Another thing to consider is that optimizations shouldn't affect the semantics. So, no matter what optimizations the compiler does with array literals, that shouldn't affect whether the function can be @nogc. For it to affect that, it would have to be something that was guaranteed by the language's semantics regardless of whether any optimizations were being done. So, even if an advanced optimizer really did figure out how to avoid the GC allocations, that wouldn't help with @nogc. Rather, it would have to be built into the semantics of the language.

- Jonathan M Davis



July 05, 2019
On Thursday, 4 July 2019 at 10:56:50 UTC, Nick Treleaven wrote:
> immutable(int[]) f() @nogc {
>     return [1,2];
> }
>
> onlineapp.d(2): Error: array literal in `@nogc` function `onlineapp.f` may cause a GC allocation
>
> This makes dynamic array literals unusable with @nogc, and adds to GC pressure for no reason. What code would break if dmd used only static data for [1,2]?

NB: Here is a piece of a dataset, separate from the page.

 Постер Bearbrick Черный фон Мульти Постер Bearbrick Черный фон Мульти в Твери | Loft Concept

int[] in D is not an array but a fat pointer. When one realizes that then it become quite obvious why [1,2] was allocated. There is somewhere in the binary a static array [1,2] but as it is assigned to a pointer to mutable data, the compiler has no choice as to allocate a mutable copy of that immutable array.
July 05, 2019
On Friday, 5 July 2019 at 23:08:04 UTC, Patrick Schluter wrote:
> On Thursday, 4 July 2019 at 10:56:50 UTC, Nick Treleaven wrote:
>> immutable(int[]) f() @nogc {
>>     return [1,2];
>> }
>>
>> onlineapp.d(2): Error: array literal in `@nogc` function `onlineapp.f` may cause a GC allocation
>>
>> This makes dynamic array literals unusable with @nogc, and adds to GC pressure for no reason. What code would break if dmd used only static data for [1,2]?
>
> int[] in D is not an array but a fat pointer. When one realizes that then it become quite obvious why [1,2] was allocated. There is somewhere in the binary a static array [1,2] but as it is assigned to a pointer to mutable data, the compiler has no choice as to allocate a mutable copy of that immutable array.

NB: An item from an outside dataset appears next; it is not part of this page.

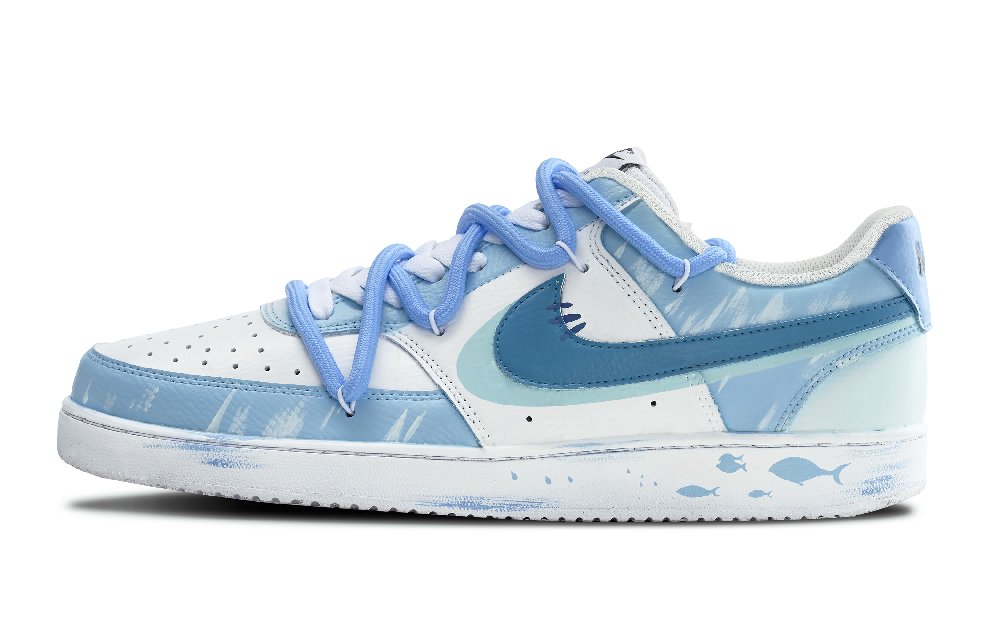 Nike Court Vision 1 Footprint Fish Slip-Resistant Low-Top Skateboard Shoes Unisex White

and it cannot optimize it away because it doesn't know what the caller want to do with it. It might in another module invoke it and modify it, the compiler cannot tell. auto a=f(); a[0]++;
July 06, 2019
On Friday, 5 July 2019 at 16:25:10 UTC, Nick Treleaven wrote:
> Yes, I was wondering why the compiler doesn't statically allocate it automatically as an optimization.

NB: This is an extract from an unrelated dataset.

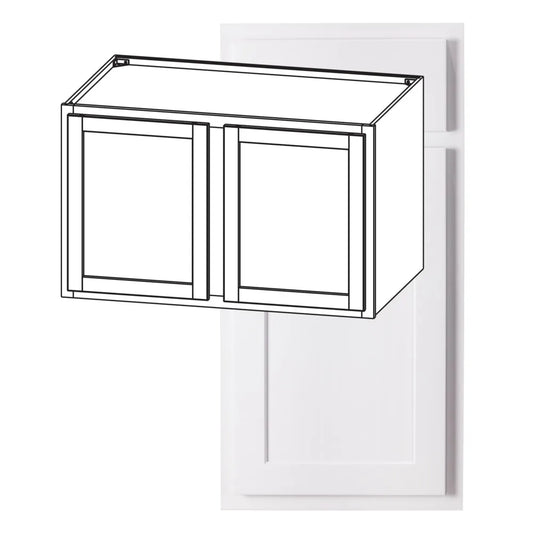 Hardware Resources: 39" x 24" x 24" Deep Wall Cabinet, 2 Doors, 1 Shelf - Polar White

 Which i would think it could, but silently adds .dup to the end as it points to a unnamed memory block of N size. Or if it's immutable i would point to the same shared data.
July 06, 2019
On 06.07.19 01:12, Patrick Schluter wrote:
> On Friday, 5 July 2019 at 23:08:04 UTC, Patrick Schluter wrote:
>> On Thursday, 4 July 2019 at 10:56:50 UTC, Nick Treleaven wrote:
>>> immutable(int[]) f() @nogc {
>>>     return [1,2];
>>> }
[...]
> 
> and it cannot optimize it away because it doesn't know what the caller want to do with it. It might in another module invoke it and modify it, the compiler cannot tell. auto a=f(); a[0]++;

f returns immutable. typeof(a) is immutable(int[]). You can't do a[0]++.